While ETL and ELT are critical steps, just obtaining sensitive data, even from within an organization, is tricky. Consider the following cases related directly to access:

  • data sets include confidential information
  • data sets are ensnared in legal agreements regarding who can access data
  • users want to control access to data to ensure it is not misused
  • external users are allowed varying degrees of access

IRM as a Solution

Oracle generated a solution that attempts to tackle the data security issue. The Oracle IRM documentation provides a rather informative graphical overview of their tool:

irm

In this system, an external user accesses a load balanced IRM server application which controls rights and access to different resources and files. Several firewalls help to improve security along with authentication, access grants, and encryption. Web services  and internal users utilize the IRM server as well.

Beyond the visible components, tokens can be used to instantly manage resources and propagate access changes.

Most file systems also offer the capability to pull the date when a resource was created or modified and various permissions information. This is useful for logging purposes.

Setting Up an IRM

It is not necessary to rely on Oracle for an IRM solution. In fact, the Oracle IRM only works with Microsoft Windows.

Each component can be paired with a reliable tool, most of which I have blogged about. A set of pairings might include

Base Application and Resource Management Django with Secure Login
REST API Resource Access Django OAuth Toolkit
Access Management Django Oauth Toolkit and a Database System
Individual Resource Tokens Randomly Generated and Hashed Key
File Storage GlusterFS or an Encrpytable File System
Encryption of Resources PyCrypto or a Similar Tool
Firewalls IP Tables or another firewall
Two Step Verification through SMS Twilio
Key Storage Stack Exchange Blackbox
VPN Access Firefox
Logging and Anomaly Detection Elastic APM and the ElkStack

Logging

Logging is critical to security. Logs allow administrators to spot harmful activity, generate statistical models based on usage, and aid in auditing the system.

Tokens

Tokens are a perfect solution for controlling document access in the system. They allow a user to gain access to a document, offer scopes for access, and often contain scopes that grant levels of access to a resource.

A user should be required to log in to the application to retrieve a token which refreshes on a regular schedule. These tokens can be revoked and changed by a resource owner or administrator much like using a file system.

Fernet Encryption

While RSA encryption is useful for two way encryption, Fernet encryption is stronger and more useful for storing files. If a system does not offer encryption, tools such as PyCrypto offer Fernet encryption.

Storing Keys

Keys should not be stored in the open. If compromised, it is extremely easy to gain access to a key stored in plain text. Instead, tools such as Stack Exchange’s Blackbox store keys in a system backed by a GPG key ring.

Two Step Downloading for Extra Security

Downloading a file in a secure manner might require extra protection, particularly when an external but trusted user desires access to a resource.

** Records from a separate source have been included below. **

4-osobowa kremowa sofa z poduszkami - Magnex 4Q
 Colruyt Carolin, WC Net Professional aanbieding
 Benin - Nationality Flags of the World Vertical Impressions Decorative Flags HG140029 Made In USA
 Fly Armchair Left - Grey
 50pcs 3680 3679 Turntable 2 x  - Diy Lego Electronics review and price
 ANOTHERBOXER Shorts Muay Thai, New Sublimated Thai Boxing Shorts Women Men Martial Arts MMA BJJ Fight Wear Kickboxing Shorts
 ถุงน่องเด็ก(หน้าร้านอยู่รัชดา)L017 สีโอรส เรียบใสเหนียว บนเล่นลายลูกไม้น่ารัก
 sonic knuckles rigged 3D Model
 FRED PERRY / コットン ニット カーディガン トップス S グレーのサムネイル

To avoid spoofing and avoid a compromised computer from gaining access to a resource, two step verification is a recommended step.

In this process the external user provides an access token to obtain a document which is verified. On verification, a text message containing an access code is sent to the external user and the internal user is notified of the access. The external user enters the code and, if required, the resource owner or admin approves the download.

This type of process is not difficult to implement through desktop or web applications using push notifications or persistent storage.

Conclusion

Secured yet accessible storage is a critical problem for any data analyst or scientist. Using an established IRM or implementing a similar tool helps secure access and empower analytics.